Work to complete:
Should the entries contain pictures, leave them out and return exactly the lines from the first through the line holding "BÁN NỀN 5X20".

Image-text web data:
((
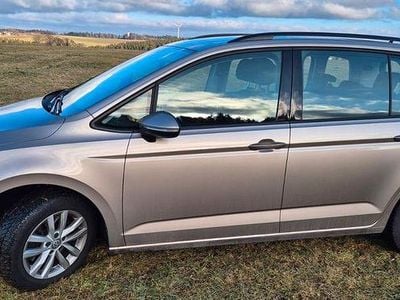 Gebraucht VW Touran Highline 140 PS (102 kW) 2016 Gold Van / Kleinbus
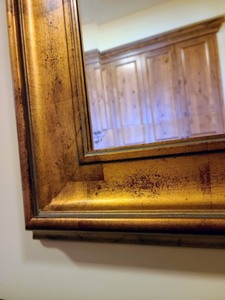 lot 5 image: Large Gold Painted Decorative Wall Mirror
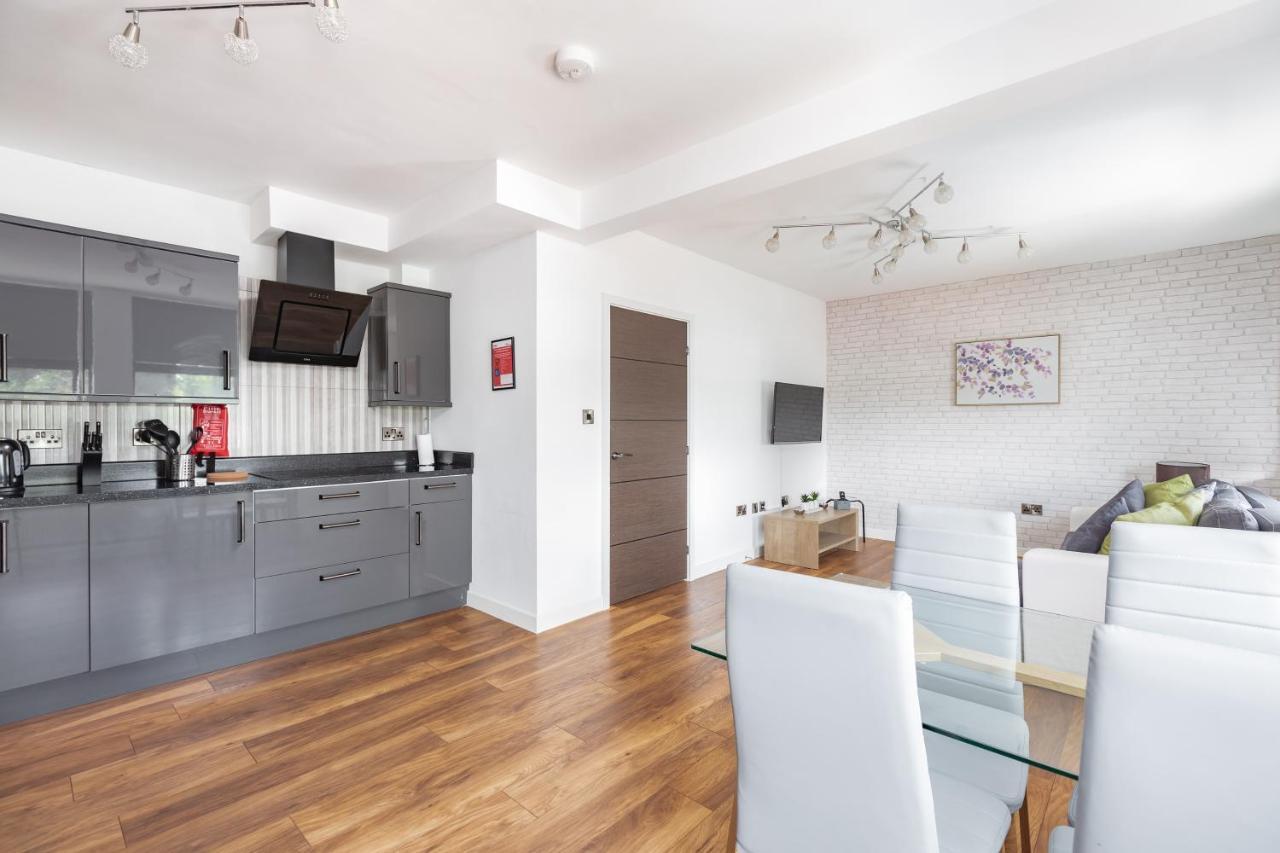 Manhattan Heights Apartment เมดสโตน ภายนอก รูปภาพ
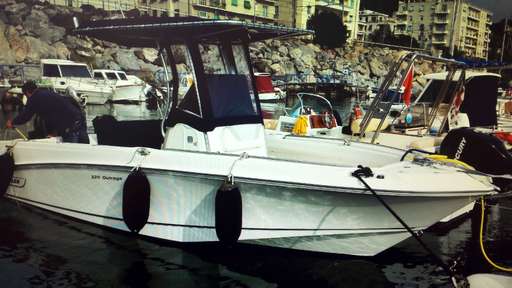 Boston whaler Boston whaler Outrage 220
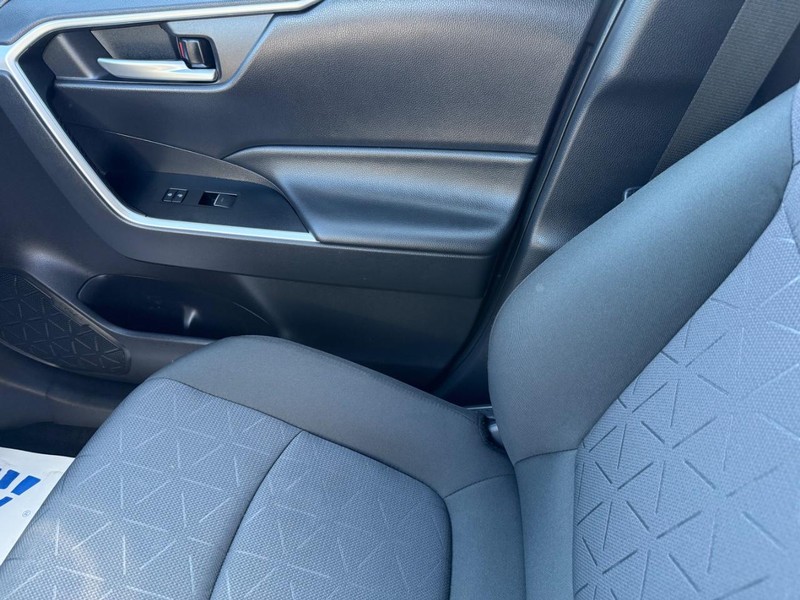 Toyota RAV4 Vehicle Image 20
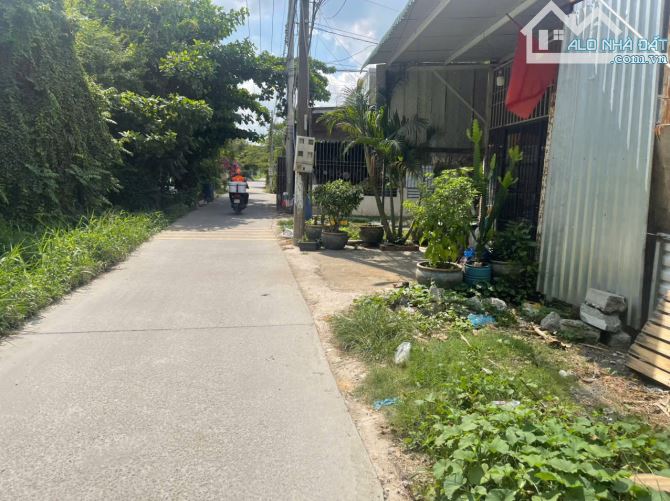 BÁN NỀN 5X20 NGAY UỶ BAN PHƯỜNG VĨNH PHÚ GIÁ RẺ NHẤT KHU VỰC CHỈ 2,35 TỶ SỔ RIÊNG - 1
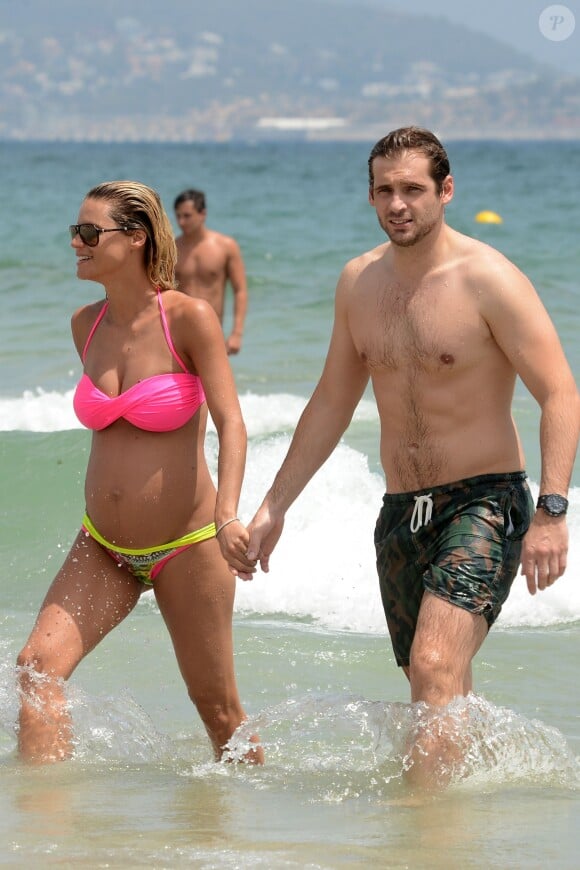 Michelle Hunziker (enceinte) et son fiancé Tomaso Trussardi sur une plage d'Ibiza, le 27 Juillet 2013.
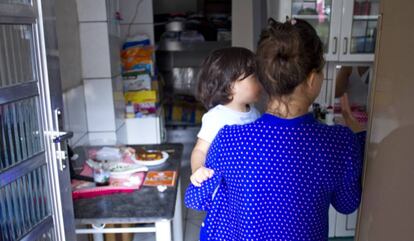 A venezuelana Vitória deixou o presídio quando o filho, a quem deu à luz no cárcere, tinha seis meses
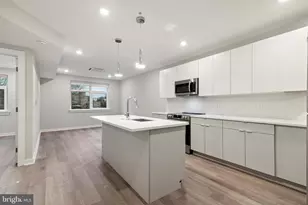 3449 Scotts Ln, Philadelphia, PA 19129 - Photo 3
))
Expected answer:
 Gebraucht VW Touran Highline 140 PS (102 kW) 2016 Gold Van / Kleinbus
 lot 5 image: Large Gold Painted Decorative Wall Mirror
 Manhattan Heights Apartment เมดสโตน ภายนอก รูปภาพ
 Boston whaler Boston whaler Outrage 220
 Toyota RAV4 Vehicle Image 20
 BÁN NỀN 5X20 NGAY UỶ BAN PHƯỜNG VĨNH PHÚ GIÁ RẺ NHẤT KHU VỰC CHỈ 2,35 TỶ SỔ RIÊNG - 1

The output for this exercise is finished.